Re: [PATCH v2] iopoll: use udelay() for initial polling

From: Jani Nikula

Date: Thu May 21 2026 - 03:03:46 EST


On Wed, 20 May 2026, Peter Collingbourne <peter@xxxxxxxxx> wrote:
> On Wed, May 20, 2026 at 6:29 AM Ville Syrjälä
> <ville.syrjala@xxxxxxxxxxxxxxx> wrote:
>>
>> On Tue, May 19, 2026 at 03:24:46AM -0700, Peter Collingbourne wrote:
>> > A short polling delay, such as the delay of 5us
>> > (SPINAND_READ_POLL_DELAY_US) provided by the SPI NAND driver,
>> > can become a 1/HZ (order of ms) delay caused by the usleep_range()
>> > call in read_poll_timeout(), significantly reducing SPI NAND access
>> > performance.
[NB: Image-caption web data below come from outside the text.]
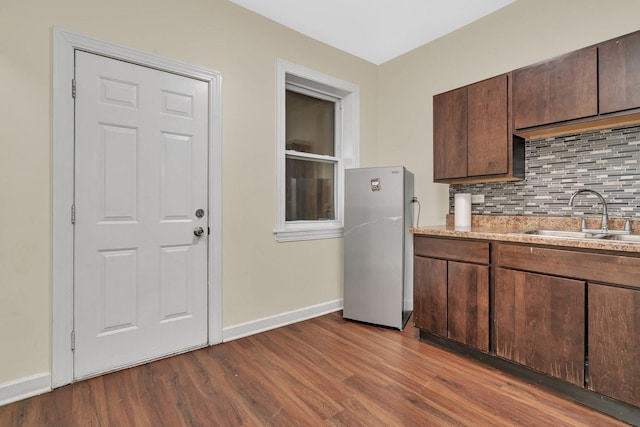 kitchen with sink, dark wood-type flooring, stainless steel refrigerator, tasteful backsplash, and dark brown cabinetry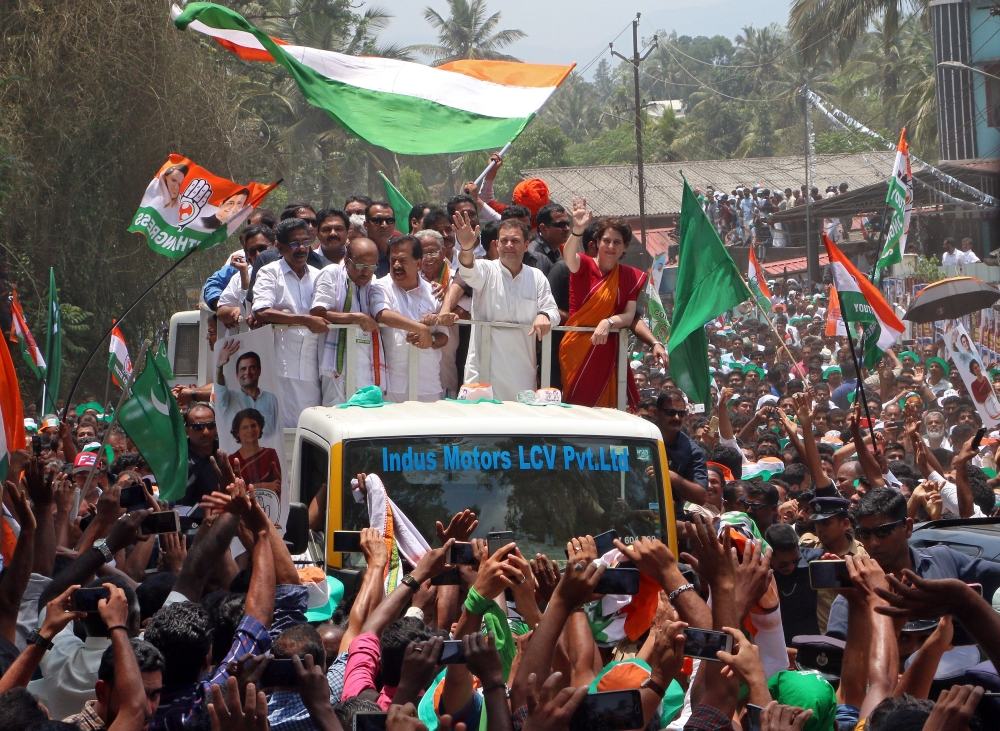 Rahul Gandhi, president of India’s main opposition Congress party, and his sister a leader of Congress party Priyanka Gandhi Vadra, wave to their supporters after Rahul filed his nomination papers for the general election, in Wayanad in the southern state of Kerala, India, on Thursday. — Reuters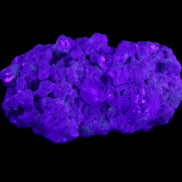 Clear Quartz, Green Tourmaline, Lepidolite and Feldspar 83*47*40mm 179g in UV light - Rocks and Things Store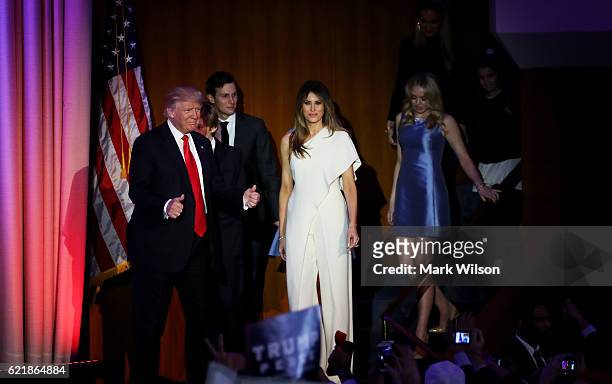 Republican president-elect Donald Trump acknowledges walks on stage with his son Barron Trump, wife Melania Trump, Jared Kushner, and Tiffany Trump...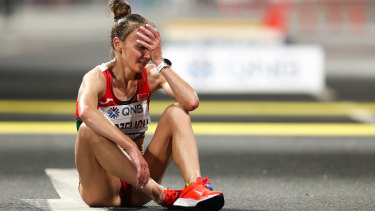 Sviatlana Kudzelich of Belarus reacts after finishing the women's marathon, held at night to avoid the worst of the temperatures.
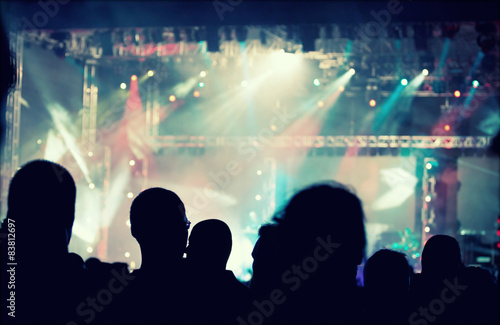Cheering crowd in front of stage lights - retro photo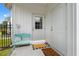 Cozy porch featuring a decorative door, a small bench and welcome mats at 2827 Allen Dew Rd., Conway, SC 29527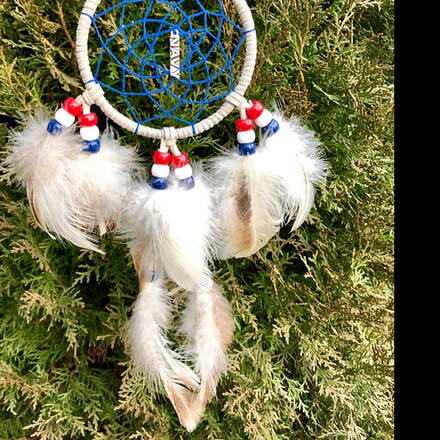 Picture of a US Navy themed hand made dream catcher using natural feathers from Running Bug Farm.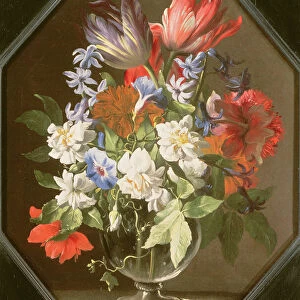 A Vase of Flowers on a Stone Ledge Containing Tulips, Chrysanthemums, Dahlias and Narcissi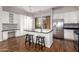 Updated kitchen with white cabinets, granite counters, and stainless steel appliances at 6745 N 93Rd Ave # 1133, Glendale, AZ 85305
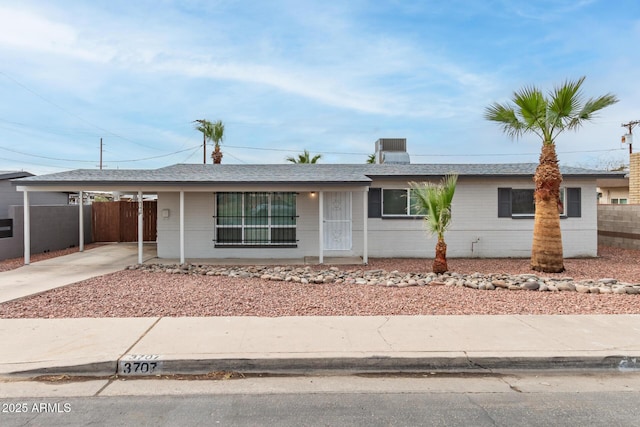 single story home featuring a carport, driveway, and fence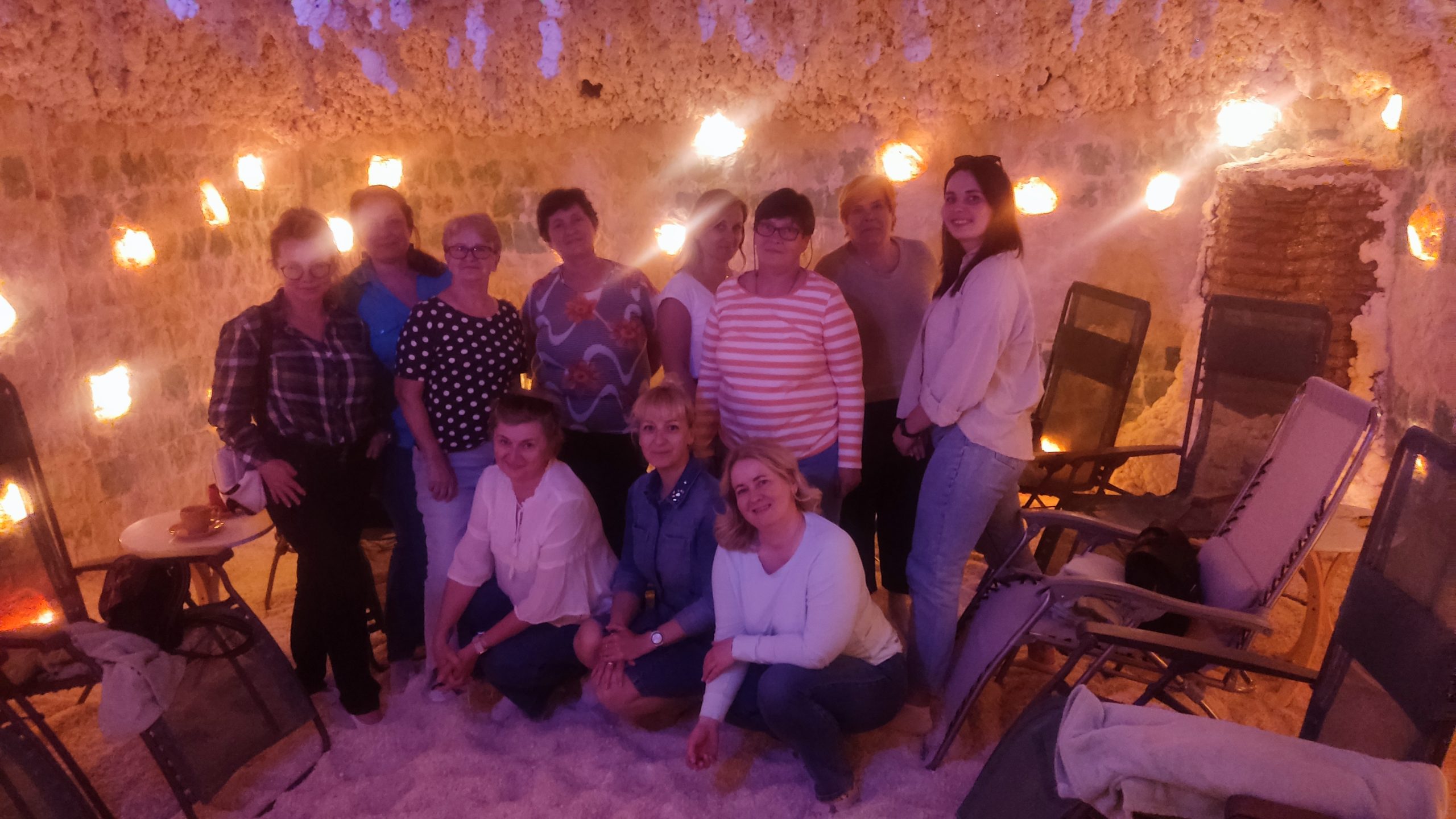 Grupa jedenastu uśmiechniętych kobiet pozuje wspólnie w jaskini solnej. Pomieszczenie jest wypełnione białym puchem solnym na podłodze i oświetlone ciepłym, pomarańczowym światłem lamp solnych na ścianach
Fix it by adjusting the read_poll_timeout() macro to use
>> > udelay() to delay until 1/10 of a timer tick after it is called, and
>> > only then sleep.

What's "1/10 of a timer tick" based on?

fsleep() has simply 10 us as the threshold.

>> >
>> > Fixes: c955a0cc8a28 ("spi: spi-mem: add automatic poll status functions")
>> > Signed-off-by: Peter Collingbourne <peter@xxxxxxxxx>
>> > ---
>> > include/linux/iopoll.h | 30 ++++++++++++++++++++++--------
>> > 1 file changed, 22 insertions(+), 8 deletions(-)
>> >
>> > v2:
>> > * Fix it in read_poll_timeout() instead
>> >
>> > diff --git a/include/linux/iopoll.h b/include/linux/iopoll.h
>> > index 53edd69acb9b..2ee89b76f072 100644
>> > --- a/include/linux/iopoll.h
>> > +++ b/include/linux/iopoll.h
>> > @@ -19,9 +19,11 @@
>> > *
>> > * @op: Operation
>> > * @cond: Break condition
>> > - * @sleep_us: Maximum time to sleep between operations in us (0 tight-loops).
>> > - * Please read usleep_range() function description for details and
>> > - * limitations.
>> > + * @sleep_us: Maximum time to sleep or delay between operations in us
>> > + * (0 tight-loops). Please read usleep_range() and udelay()
>> > + * function descriptions for details and limitations.
>> > + * This macro will delay until 1/10 of a timer tick after
>> > + * it is called, and will then start sleeping.
>> > * @timeout_us: Timeout in us, 0 means never timeout
>> > * @sleep_before_op: if it is true, sleep @sleep_us before operation.
>> > *
>> > @@ -35,11 +37,18 @@
>> > ({ \
>> > u64 __timeout_us = (timeout_us); \
>> > unsigned long __sleep_us = (sleep_us); \
>> > - ktime_t __timeout = ktime_add_us(ktime_get(), __timeout_us); \
>> > + ktime_t __start_time = ktime_get(); \
>> > + u64 __delay_timeout_us = 100000/HZ; \
>> > + ktime_t __delay_timeout = ktime_add_us(__start_time, __delay_timeout_us); \
>> > + ktime_t __timeout = ktime_add_us(__start_time, __timeout_us); \
>> > int ___ret; \
>> > might_sleep_if((__sleep_us) != 0); \
>> > - if ((sleep_before_op) && __sleep_us) \
>> > - usleep_range((__sleep_us >> 2) + 1, __sleep_us); \
>> > + if ((sleep_before_op) && __sleep_us) { \
>> > + if (__sleep_us <= __delay_timeout_us) \
>> > + udelay(__sleep_us); \
>>
>> If you want udelay() why not just use the atomic variant of the macro?
>
> That's what I had in v1; we decided this approach would better handle
> misbehaving devices.
> https://lore.kernel.org/all/20260517150253.031dec09@pumpkin/

I think the problem with trying to adapt to everything within
read_poll_timeout() is that every step like this adapts to a *specific*
use case, and once it gets specific enough, it's no longer usable to
other scenarios.

Having to reimplement the whole thing in drivers is much worse than
having to do two calls.

Could a staggered approach work?

ret = read_poll_timeout_atomic("short delay/timeout")
if (ret)
ret = read_poll_timeout("longer delay/timeout")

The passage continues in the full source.